Os atentados terroristas em Paris tiveram um profundo efeito nos Estados Unidos. Avessos a intervenções externas desde as desastrosas invasões e longas ocupações do Afeganistão e do Iraque, iniciadas pelo governo Bush, os americanos, de acordo com pesquisa apresentada esta semana pela rede ABC e o jornal Washington Post, agora desejam, em sua maioria, uma resposta militar contra o Estado Islâmico, e não apenas com o aumento de bombardeios, mas também com o envio de tropas, algo impensável antes dos ataques à capital francesa.
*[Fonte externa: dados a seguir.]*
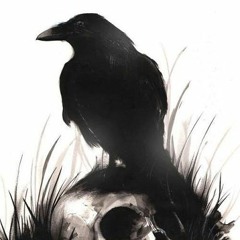 4E. - Cuervos (Asor - Inok) (2015)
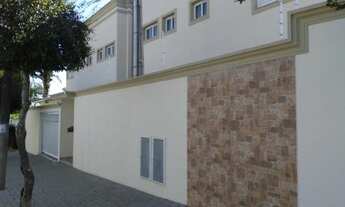 Imagem 2: Apto. c/ 2 dorm e documentação ok p/ financ. na Vila Kalil em Cosmópolis-SP (AP0024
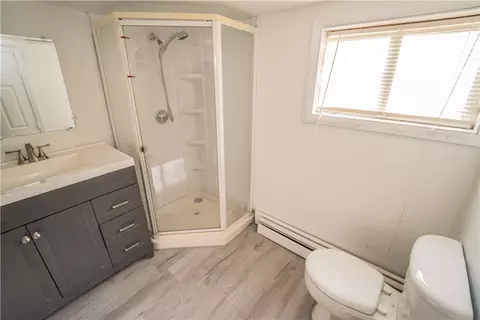 Bath - 132 Chestnut St, Woonsocket, RI 02895 photo 4 of 5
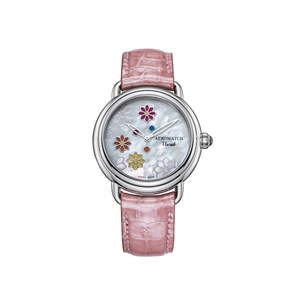 Наручний годинник Aerowatch 44960AA15 зображення 1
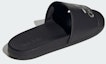 Purchase Selipar Adilette Comfort JP7083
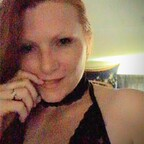 strawberryseed (Strawberryseed) free OnlyFans Leaks 

 profile picture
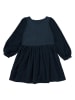 molo Kleid in Dunkelblau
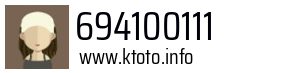 694100111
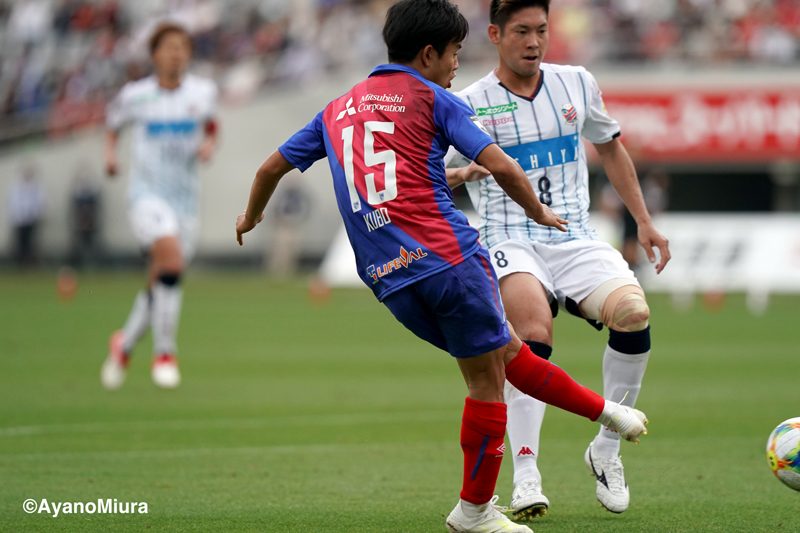 AyanoMiura_190518_012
Eduardo Graça, correspondente da RFI Brasil em Nova York
A pesquisa ABC/Washington Post atesta o que se ouve nos programas de debates, nas mesas de restaurantes, nos comícios dos candidatos: Paris mudou completamente a percepção do cidadão americano em relação à segurança interna e à dimensão do perigo representado pelo Estado Islâmico. Deixou-se de ver o conflito como uma guerra restrita ao Oriente Médio, ele agora é percebido como uma batalha global. O primeiro dado impressionante da pesquisa, que foi feita por telefone com 1.004 adultos de todo o país é o de que 83% dos entrevistados acreditam em um ataque terrorista aos EUA no futuro próximo. A maioria absoluta também diz que os EUA já estão em guerra contra o que chamam de Islã radical. Um terço dos entrevistados defende o envio substancial de tropas para a Síria e o Iraque e a maioria quer as forças armadas americanas atuando como apoio a uma coalizão internacional criada com o objetivo de destruir o Estado Islâmico. Terrorismo e a definição de islamismo radical deverão ser temas centrais nos jantares de família nesta quinta-feira no mais tradicional dos feriados americanos, o Dia de Ação de Graças.
Refugiados sírios
A informação de que um dos suspeitos do atentado teria entrado na Europa como refugiado transformou o tema em questão prioritária de segurança nos EUA. É preciso lembrar que a Casa Branca vinha sendo criticada justamente pela timidez em receber refugiados sírios. O Brasil, mesmo com a recessão, recebeu mais refugiados sírios do que os EUA desde o início da crise. Pois agora os conservadores concentrados no Partido Republicano afirmam que o programa de refugiados de Obama deixa o país em risco, colocando mais lenha na fogueira dos que temem um ataque terrorista das proporções do de Paris em Washington ou Nova York, como vem ameaçando o Estado Islâmico. O candidato-líder das pesquisas para a sucessão de Obama no flanco da oposição, o empresário Donald Trump, defende que a entrada de refugiados se limite aos cristãos e promove abertamente, em comícios cada vez mais concorridos, a volta de métodos de tortura em interrogatórios de suspeitos como o afogamento simulado, ou waterboarding, duramente condenado por grupos de direitos humanos.
Campanha eleitoral
Já se pode dizer que o medo de um ataque terrorista está dando fôlego para os candidatos republicanos. A reprovação dos americanos à estratégia do governo Obama para a crise síria, de acordo com a pesquisa, chegou a 65%. Mais grave para os democratas: desde janeiro, 20% dos eleitores sem preferência partidária e 11% dos que se consideram moderados passaram a torcer o nariz para a política externa de Washington no Oriente Médio. Todas as pesquisas nacionais realizadas após os ataques colocam os republicanos Trump, Jeb Bush, Marco Rubio e Ben Carson à frente de Hillary Clinton no voto popular.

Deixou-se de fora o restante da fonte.